LinuxQuestions.org
Share your knowledge at the LQ Wiki.
Home Forums Tutorials Articles Register
Go Back   LinuxQuestions.org > Forums > Linux Forums > Linux - Software
User Name
Password
Linux - Software This forum is for Software issues.
Having a problem installing a new program? Want to know which application is best for the job? Post your question in this forum.

Notices


Reply
  Search this Thread
Old 01-25-2009, 07:05 AM   #1
li-nux-user
LQ Newbie
 
Registered: Jan 2009
Posts: 5

Rep: Reputation: 0
Unhappy tail + wget = problem


Hello,

I have a problem using "wget", that reads URLs from a file.
In the following command:

Code:
tail -f urls.txt | wget -i -
wget seems not working at all !!

The reason I'm using "tail -f" is that I would like to have only ONE wget process,
that reads URLs from stdin line-by-line as the "urls.txt" file grows.

I know, I could use something like:
Code:
tail -f urls.txt | while read URL; do wget "$URL"; done
however this will create new wget process for each URL, which is I want to avoid.

Using "cat urls.txt" or "tail urls.txt" works OK, however a problem is when I use "tail -f" (also "tail -F").
I tried also using a named pipe instead of file - no success.

Is that possible that - before downloading - wget reads all URLs until EOF ?
And as this does not occur in "tail -f", wget waits in infinite loop for EOF and - as a result - seems like not working ?

Is there a workaround for such a problem ?

Thanks in advance

Last edited by li-nux-user; 01-25-2009 at 07:33 AM. Reason: small update
 
Old 01-25-2009, 08:02 AM   #2
acid_kewpie
Moderator
 
Registered: Jun 2001
Location: UK
Distribution: Gentoo, RHEL, Fedora, Centos
Posts: 43,417

Rep: Reputation: 1985Reputation: 1985Reputation: 1985Reputation: 1985Reputation: 1985Reputation: 1985Reputation: 1985Reputation: 1985Reputation: 1985Reputation: 1985Reputation: 1985
It's not a problem at all, it's just correct behaviour.
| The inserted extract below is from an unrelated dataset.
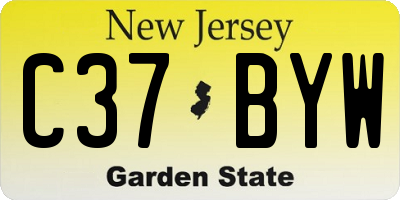 NJ license plate C37BYW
Why would you only want one process? who cares if there are more? If you don't fork the wget process then you'll never have more than one at any one time.
 
Old 01-25-2009, 08:56 AM   #3
pcunix
Member
 
Registered: Dec 2004
Location: MA
Distribution: Various
Posts: 149

Rep: Reputation: 23
Quote:
Originally Posted by acid_kewpie View Post
It's not a problem at all, it's just correct behaviour. Why would you only want one process? who cares if there are more? If you don't fork the wget process then you'll never have more than one at any one time.
And if for some reason known only to you the concept of "one process" is necessary, use "LWP" or "LWP::Simple" in Perl - very simple code:

#!/usr/bin/perl
use LWP::Simple;
foreach(@ARGV) {

$content = get $_;
print $content;

# or do whatever you want with it

}
 
Old 01-25-2009, 02:37 PM   #4
li-nux-user
LQ Newbie
 
Registered: Jan 2009
Posts: 5

Original Poster
Rep: Reputation: 0
pcunix: Thanks for the solution. As I checked it works, also when using "tail -f" and growing input file.
However I'd be more happy if the solution was about "wget" ... :-)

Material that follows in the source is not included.